It can certainly look good (as you show again), but if these noises take so long to compute, it's off-putting too. I think once you have a hang of what works in terms of greyscale and blurryness, it's quite easy to make some standard maps to use.
These sites offer some quite interesting shape generators.
I hope I will be proven wrong though  ;)

WAS

Quote from: Dune on August 01, 2019, 08:42:05 AM
It can certainly look good (as you show again), but if these noises take so long to compute, it's off-putting too. I think once you have a hang of what works in terms of greyscale and blurryness, it's quite easy to make some standard maps to use.
These sites offer some quite interesting shape generators.
I hope I will be proven wrong though  ;)

Euclidean is just as slow as Manhattan from all the tests I did in other languages, and it's noted in documentation about the raw formulas and machine iterations, that they are both slow. So it should be nearly if not just as fast as Voronoi Diff Scalars when incorporated correctly.

Seems the slowness in Hetzen's function is the blue nodes speed themselves when being calculated.

WAS

#77
Quote from: mhaze on August 01, 2019, 04:54:29 AM
I think I prefer a squared worley noise to Manhattan - See illustration. OR a mix of both!
and
https://thebookofshaders.com

Those are just really circles though. Use Perlin Billows or Voronoi Billows or inverted Ridges. In any case, we've had these a long time and I use them all the time in displacement, which do not create squares.

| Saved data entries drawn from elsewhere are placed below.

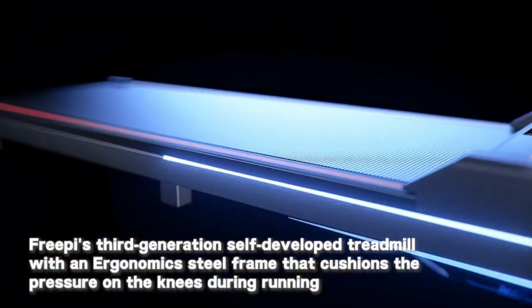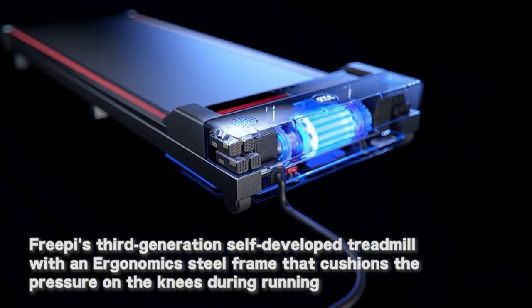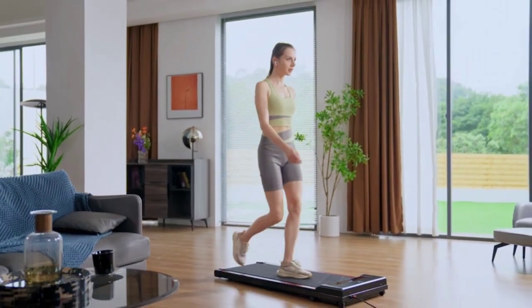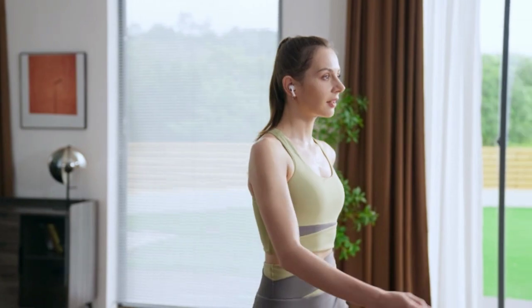With a durable steel frame and multi-layer shield design, the under desk treadmill provides shock absorption and noise reduction, making your running quieter, safer, and more stable.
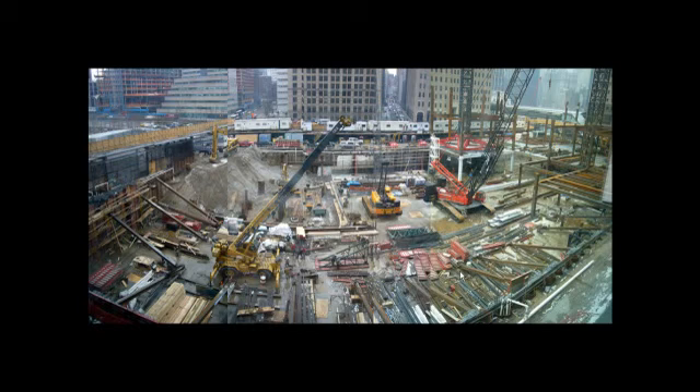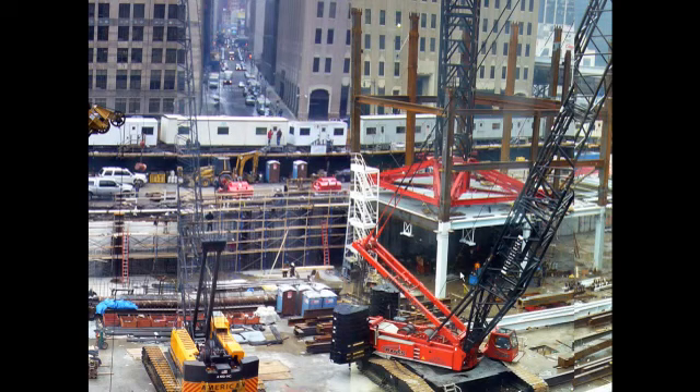We've reached the point where the foundation wall is partially constructed and under construction throughout the entire site. You can see that the cranes within the site are now basically trapped inside the hole. This is the time when you need to shift the responsibility onto tower cranes. You assemble the tower cranes and when they are completely assembled they will actually lift out all these other devices. Tower cranes will now come into use. The crawler crane in the foreground has been used in the construction of the foundation and also in the early steel erection.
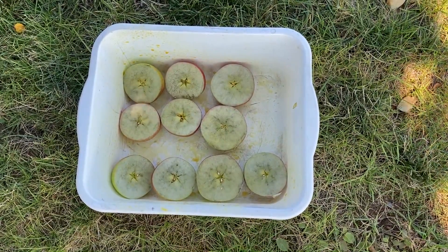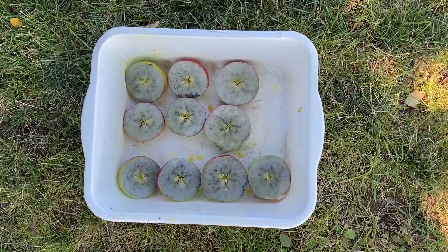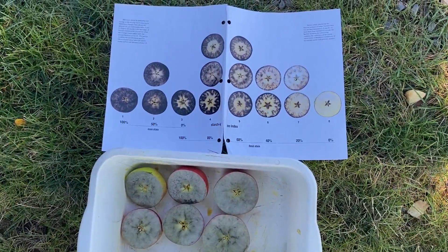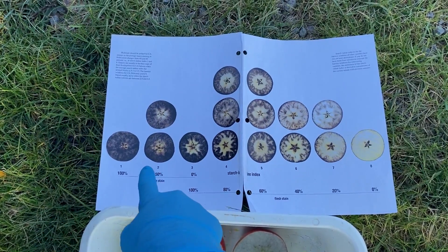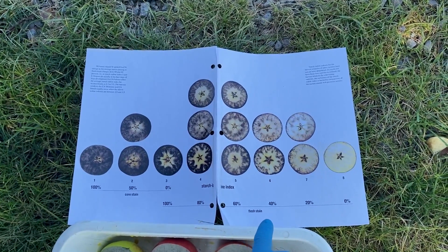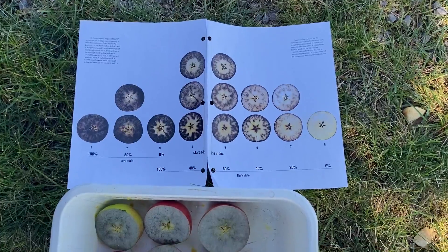The sample has sat for a minute, and that gives it time for the iodine to stain the starch black or blackish-blue. Now we're starting to see the pattern and we can begin rating. You're going to take your starch iodine chart and look at the pattern of staining. The first three ratings are mainly the core stain, where you see that the sugars are starting to convert in the core area. From three to eight, we also start to see a flush stain change — clear represents sugars and black represents starch.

Their terrain example they haven't gotten into has a good example I'd like to use: https://thebookofshaders.com/edit.php?log=161127200501 (play with the first fraction function for a seed)

The canvas scales to viewport, so you can go into a high resolution and maximize the canvas and save the image.

René

It remains to be seen how fast or slow Manhattan is, and even if it is slow, everyone is free to use it or not. As said: the Alpine shader was also slow in the beginning, there was even a warning included because of that. And computers are getting faster. :)

WAS

Quote from: René on August 01, 2019, 12:46:09 PM
It remains to be seen how fast or slow Manhattan is, and even if it is slow, everyone is free to use it or not. As said: the Alpine shader was also slow in the beginning, there was even a warning included because of that. And computers are getting faster. :)

Hetzen's latest function is effectively a working manhattan noise function. It is slow. We have yet to see what Matt incorporates, yes.

WAS

@René have you actually tried mixing together Hetzen's cobble on Y instead of Z (for lateral)? I imagine with some mixing between flatness of cobbles, and some better warping than this quick test with soft perlin warps you could come up with some decent square rocky texture to apply to shapes.

Warping in my quick example is a little too soft imo, and I feel there could be another mix of cobble into there, as well as masking some of the cobble out entirely to create more variance so it's not so square-y.

René

Oh, yeah, I tried. ;) Sometimes with promising results. The biggest problem, however, was to get more (natural) variation. This was partly because I don't understand much about the node setup and partly because the regular pattern kept returning, no matter how many gobble stones I mixed.
I also realized that having square noise/voronoi is only half the solution to obtaining credible block shapes, although it is certainly easier to do.

René

I'm also curious about Manhattan noise's ability to make terrains. A blocky terrain is essential to make credible square noise.

WAS

Quote from: René on August 22, 2019, 02:51:43 AMI'm also curious about Manhattan noise's ability to make terrains. A blocky terrain is essential to make credible square noise.

Same. I hope it's added.

Your Mesa Squares looks very nice.

I tried some different methods to mask out the squares, so they weren't complete, but it actually proved harder than I thought. Masking them out-right leaves you with holes in the displacement lift which is hard to deal with when mixing different levels of the pattern. I than tried overlaying the same level of scalar into the masked out areas to try and hide cut outs, but that wasn't working right with the later mixes. Difficult stuff, but can come up with some interesting shapes. I think it would honestly be good for those broken up blocking sedimentary layers between larger Manhattan-type layers.

WAS

Hey @Matt  is there any update on a native Manhattan noise? I wonder if this topic is of any help with ideas: http://www.pixelninja.design/manhattan-voronoi-approximation/

Matt

I don't have an updated on that at the moment.